# the training alone dvd set



## huntinlabs (Aug 4, 2009)

I want this set and i hear that they are taking pr orders so where can i order this at??!!


----------



## Chris Atkinson (Jan 3, 2003)

1) click the Lardy banner at the top of RTF
2) click the "Dennis Voigt" link at the top of YBS page
3) scroll down and click "order now"
4) break out your credit or debit card


----------



## 43x (Mar 29, 2009)

who's putting this video out ?

Thanks


----------



## Chris Atkinson (Jan 3, 2003)

43x said:


> who's putting this video out ?
> 
> Thanks


YBS media...home of the Lardy material, Sound Beginnigs/Mertens, Rorem and Rorem/Carr.....now home of Voigt (Dennis, not Ray)


----------



## Zman1001 (Oct 15, 2009)

I put my order in earlier today. They say it will ship in March. Can not wait.


----------



## Scott Harris (Mar 16, 2005)

Looking forward to this one. Has anyone had a chance to look at it? Take care all.

Scott


----------



## Thomas D (Jan 27, 2003)

Maybe Dennis will have some at the seminar this week?


----------



## Mike Tome (Jul 22, 2004)

I've been waiting for this one to come out. Just put a pre-order in.


----------



## Leddyman (Nov 27, 2007)

Dang! I just bought the Rorem/Carr seminar video and Evan's puppy video. I bought Dave Rorem's handling video a couple months ago. Now I need another. You guys are going to get me killed by my wife! 
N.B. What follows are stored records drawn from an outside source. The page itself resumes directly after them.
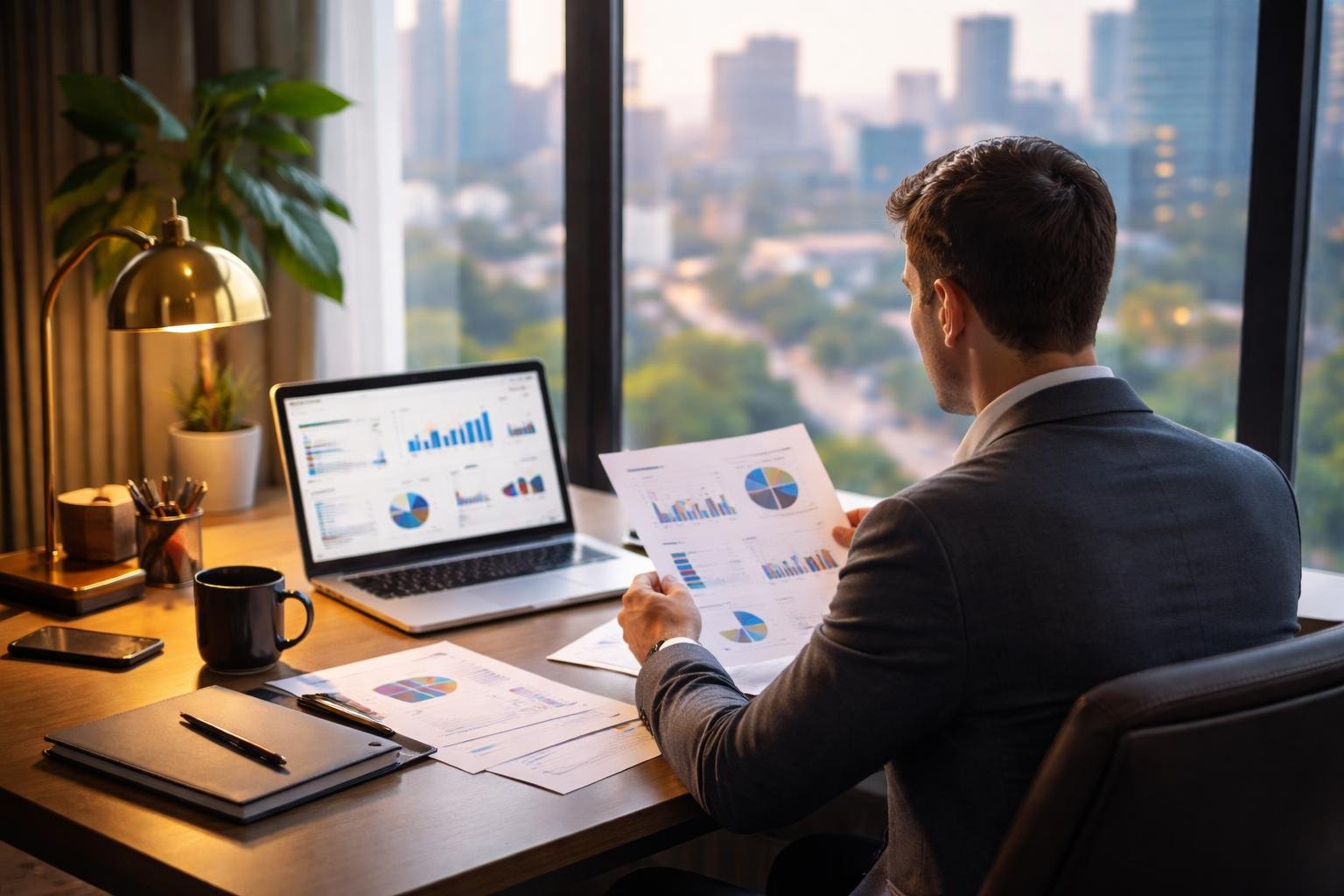 bureau-moderne-personne-documents-fenetre-vue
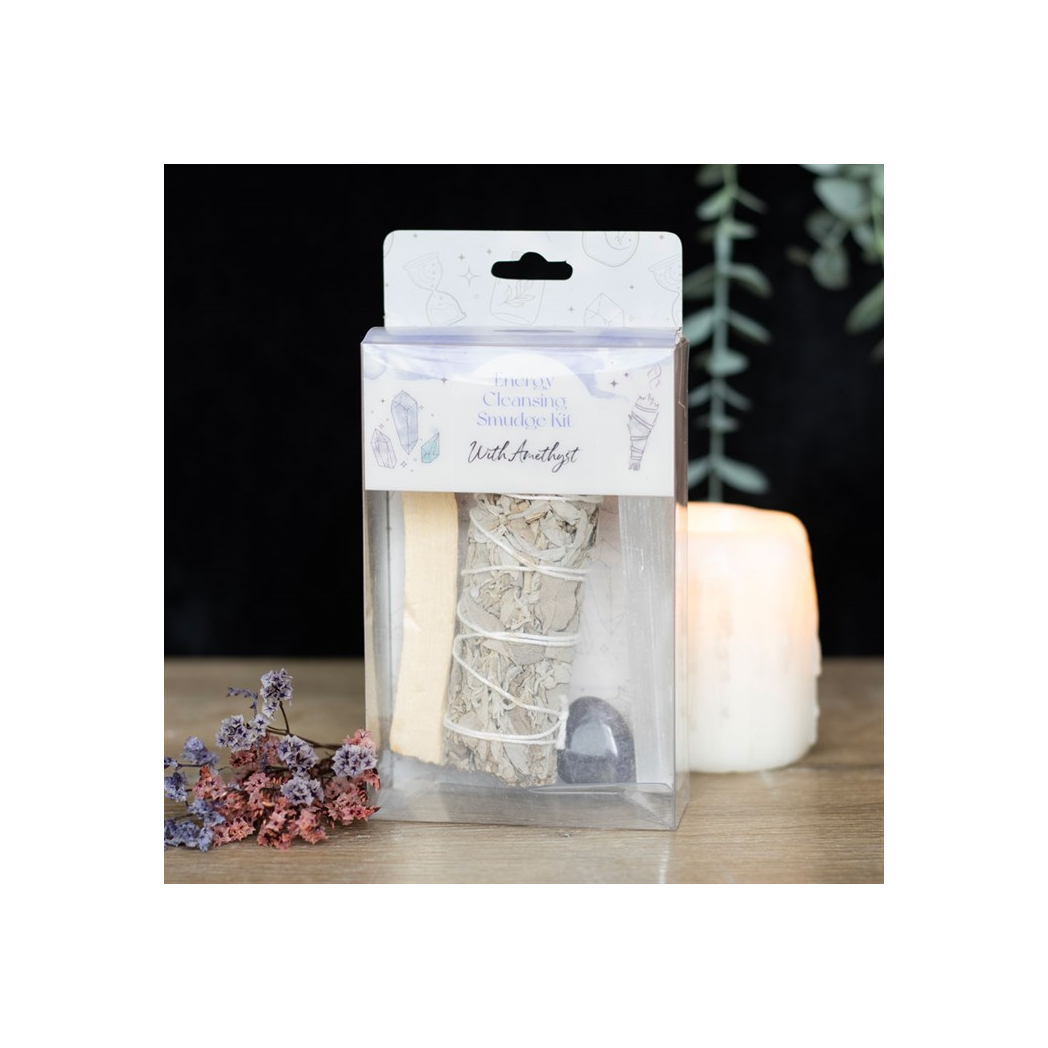 Smudge Kit with Amethyst Crystal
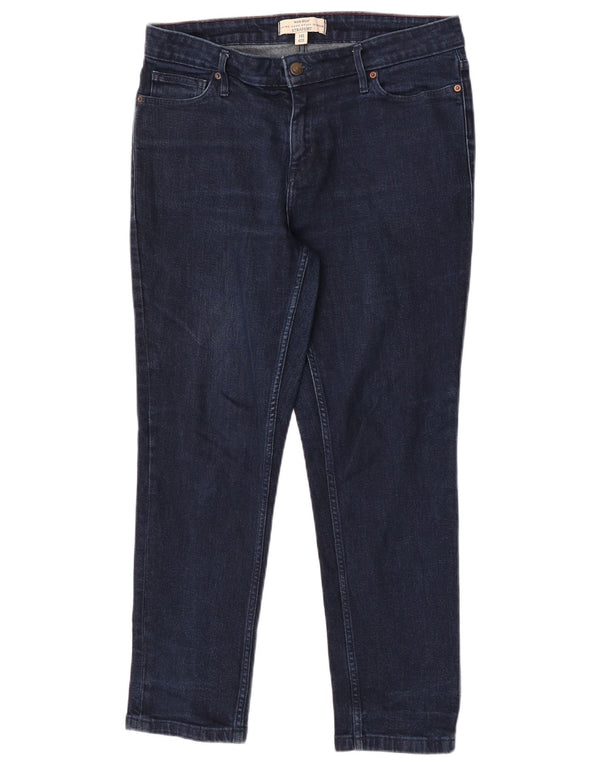 White Stuff Vaqueros Cortos Rectos para Mujer UK 40 Large W32 L28 Azul Marino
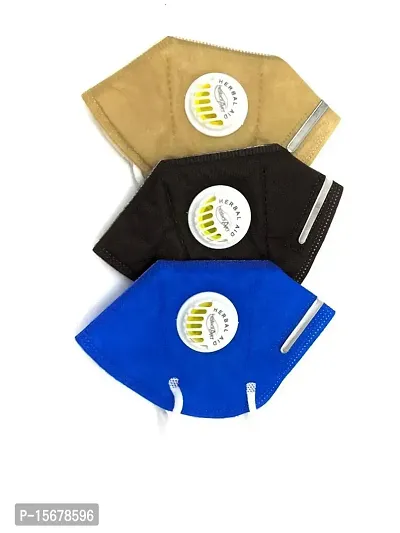 Herbal Aid Reusable Washable cotton filter Mask - 3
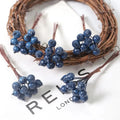 Artificial Foam Blueberry Berry Bouquet – DIY Wreath & Decor Artificial Berry Bouquet Babs Blue 30Pcs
Gotta have it and that's my bottom line regards,

http://www.google.com/url?q=http://...QoADAA&usg=AFQjCNE7lDlAEWQW7wyMsz1iPjNOuknwVg


----------



## 1tulip (Oct 22, 2009)

This sounds like something I'd be keen to own, but I have a question. 

With enough money, almost anything is possible, even training a retriever solo. To date, I just haven't been able to convince the hubby (not a dog-a-holic) that sophisticated launching devices and stickmen etc. are a good investment. (Go figure. He thinks making mortgage payments on time is important. What a lack of imagination!)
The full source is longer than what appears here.